El cambio también importa en la forma en que pensamos sobre la identidad y el acceso. El phishing móvil ha surgido como otro vector de brecha en aumento en el mismo ciclo del informe, y cuando el phishing recolecta credenciales con éxito, esas credenciales se combinan cada vez más con la explotación de sistemas sin parchear para moverse lateralmente dentro de la red. Ambas amenazas se refuerzan mutuamente.
Por qué las VPN por sí solas no son suficientes
Una VPN cifra el tráfico de internet y oculta tu dirección IP, algo realmente útil para proteger los datos en tránsito, sobre todo en redes no confiables. Pero una VPN no hace nada para parchear una aplicación vulnerable. Si un atacante identifica un fallo sin corregir en el software que se ejecuta en un servidor, puede explotarlo independientemente de si ese servidor está detrás de una conexión VPN.
Esta es la lección fundamental que subyace en las cifras del DBIR 2026: las herramientas de seguridad funcionan por capas, y ninguna capa cubre por sí sola todas las amenazas. Las conexiones cifradas protegen los datos que se mueven entre puntos. Las contraseñas fuertes y únicas (respaldadas por un gestor de contraseñas) reducen la exposición de credenciales. La autenticación multifactor eleva el coste de los ataques basados en credenciales. Y la aplicación oportuna de parches cierra las puertas de las que depende la explotación de vulnerabilidades.
El ransomware no distingue entre organizaciones con VPN y sin ella. Sigue el camino de menor resistencia que le brinden un sistema sin parchear o una credencial comprometida.

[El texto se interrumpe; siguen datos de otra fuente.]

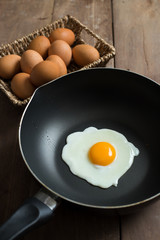 Fried egg on pan and fresh eggs.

Qué significa esto para ti
El DBIR 2026 es una útil dosis de realidad tanto para individuos como para organizaciones. Estos son los pasos prácticos que vale la pena dar en respuesta a lo que muestran los datos:
- Prioriza la aplicación de parches. Habilita las actualizaciones automáticas siempre que sea posible para sistemas operativos, navegadores, complementos y aplicaciones. En las organizaciones, establece una ventana de parcheo definida y cúmplela.
- Audita tu inventario de software. No puedes parchear lo que no sabes que estás ejecutando. Un simple inventario de aplicaciones y sus versiones actuales es un punto de partida.
- Aplica defensas por capas. Utiliza una VPN para conexiones cifradas, un gestor de contraseñas para credenciales fuertes y únicas, y autenticación multifactor en todas las cuentas que lo permitan.
- Toma en serio el ransomware a nivel de copias de seguridad. Las copias de seguridad fuera de línea o inmutables son una de las contramedidas más eficaces contra el ransomware; no previenen un ataque, pero limitan la ventaja que tiene el atacante.
- No asumas que las herramientas de perímetro cubren las vulnerabilidades internas. Los cortafuegos y las VPN protegen el perímetro. Las vulnerabilidades dentro de tu red siguen necesitando atención directa.
El DBIR 2026 no describe una amenaza futura; describe lo que ya está ocurriendo a gran escala. Las organizaciones y las personas que tratan la seguridad como un conjunto de hábitos complementarios en lugar de como la compra de un único producto son quienes están en mejor posición para evitar formar parte de las estadísticas del próximo año.